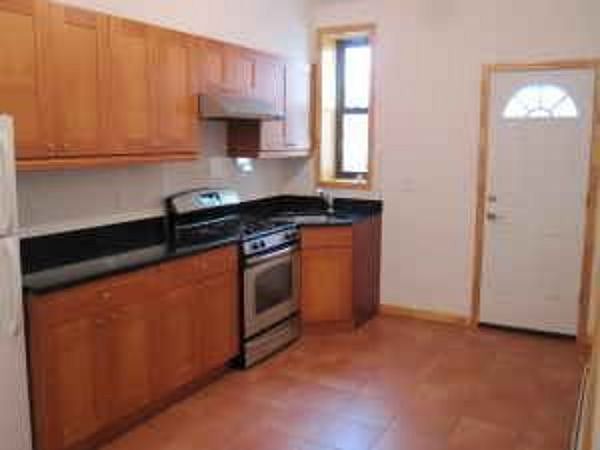 2nd image of 209 Bay 23 St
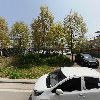주식회사금강물류_3
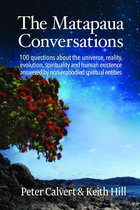 The Matapaua Conversations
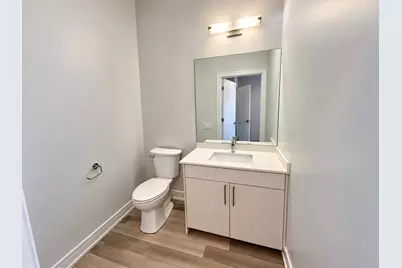 1554 N Talman Avenue #606, Chicago, IL 60622 - Photo 10
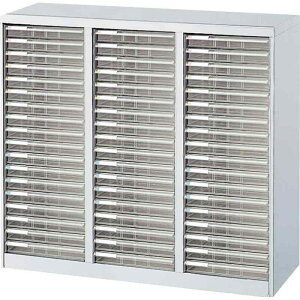 iJoV AoeV2 tAP[X B4 j[O[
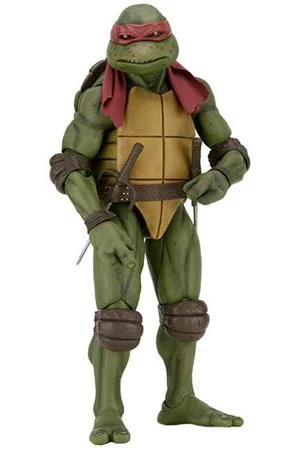 neca-1-4-neca-tmnt-1990-movie-raphael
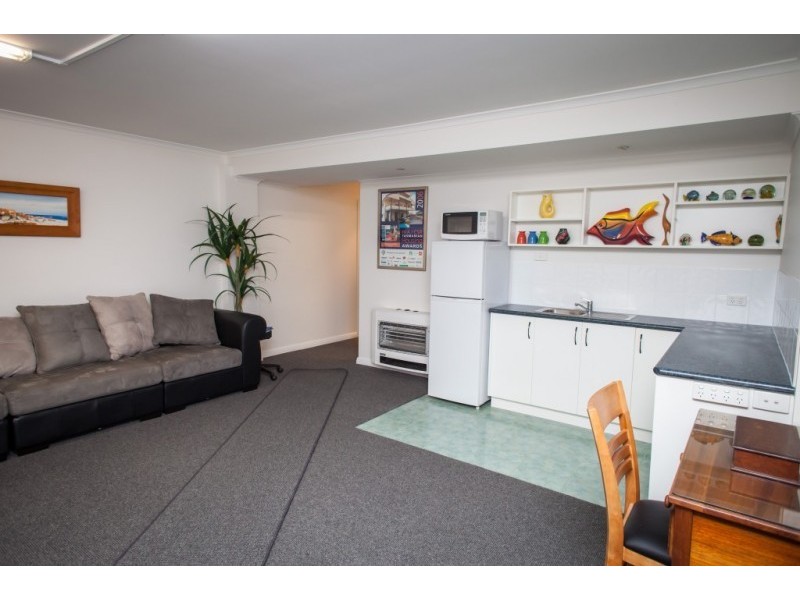 56 Esplanade, Turners Beach TAS 7315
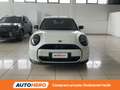 MINI Cooper Coupe Cooper C Blackyard Weiß - thumbnail 9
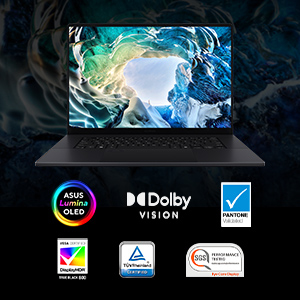 InfiniteFix Product Image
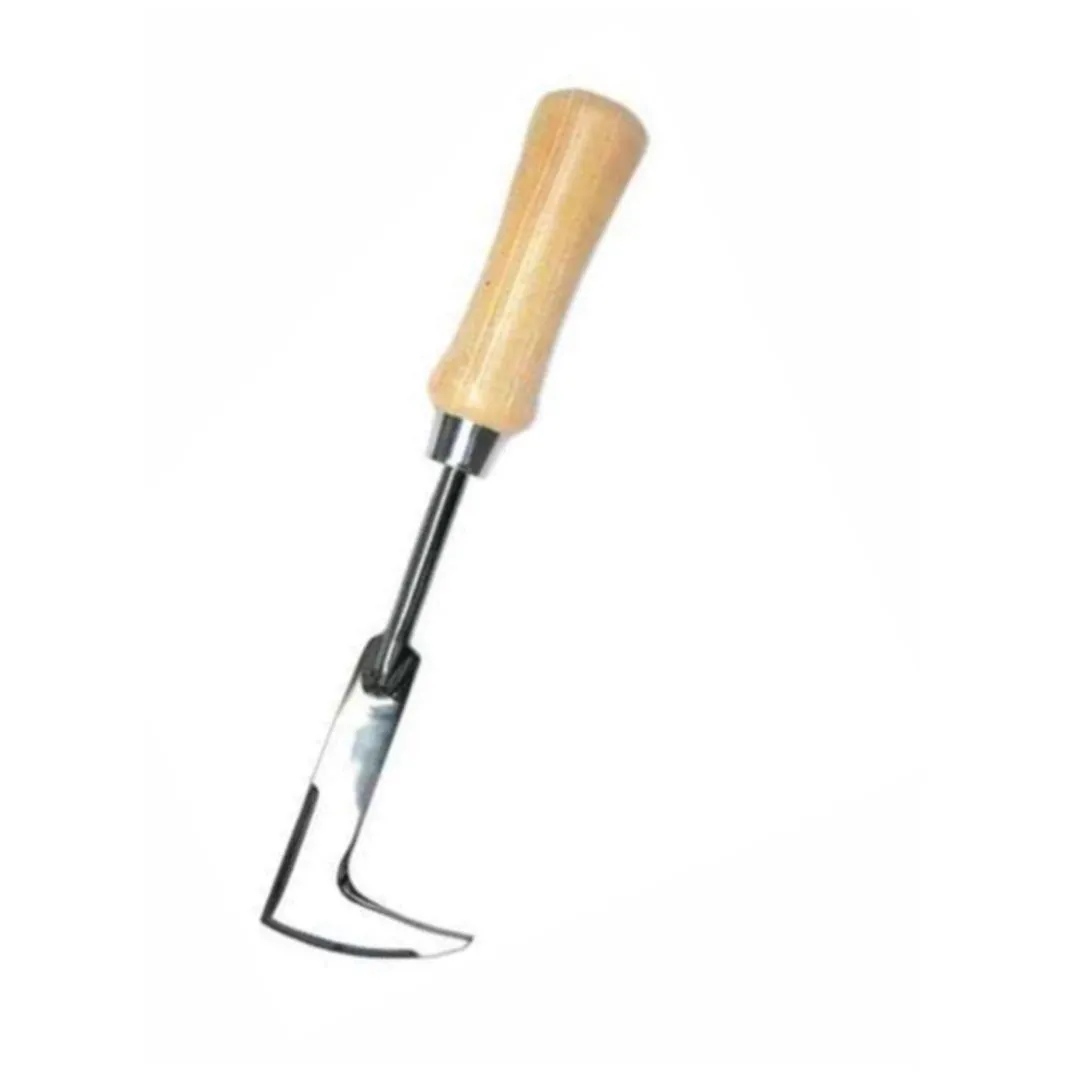 Patio Weeder (3)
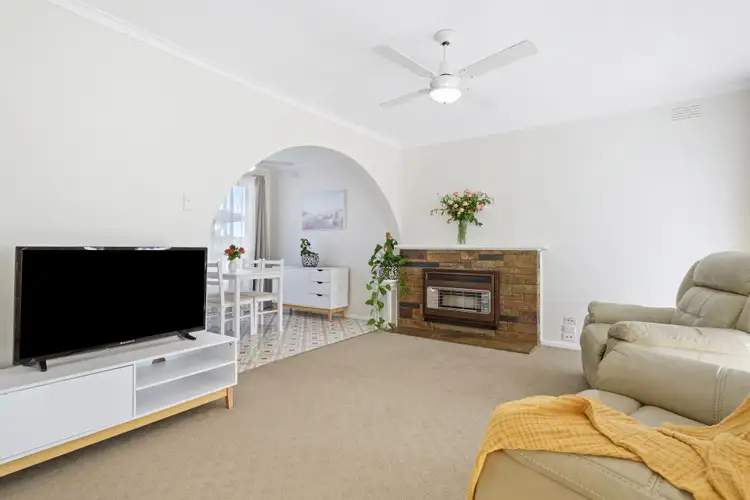 Fourth view of Homely house listing, 3 Stradbroke Avenue, Frankston South VIC 3199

Problem: Do not include the pictures. Quote only the lines from the line with "neca-1-4-neca-tmnt-1990-movie-raphael" through the end of the material, both ends included, exactly.

Result:
 neca-1-4-neca-tmnt-1990-movie-raphael
 56 Esplanade, Turners Beach TAS 7315
 MINI Cooper Coupe Cooper C Blackyard Weiß - thumbnail 9
 InfiniteFix Product Image
 Patio Weeder (3)
 Fourth view of Homely house listing, 3 Stradbroke Avenue, Frankston South VIC 3199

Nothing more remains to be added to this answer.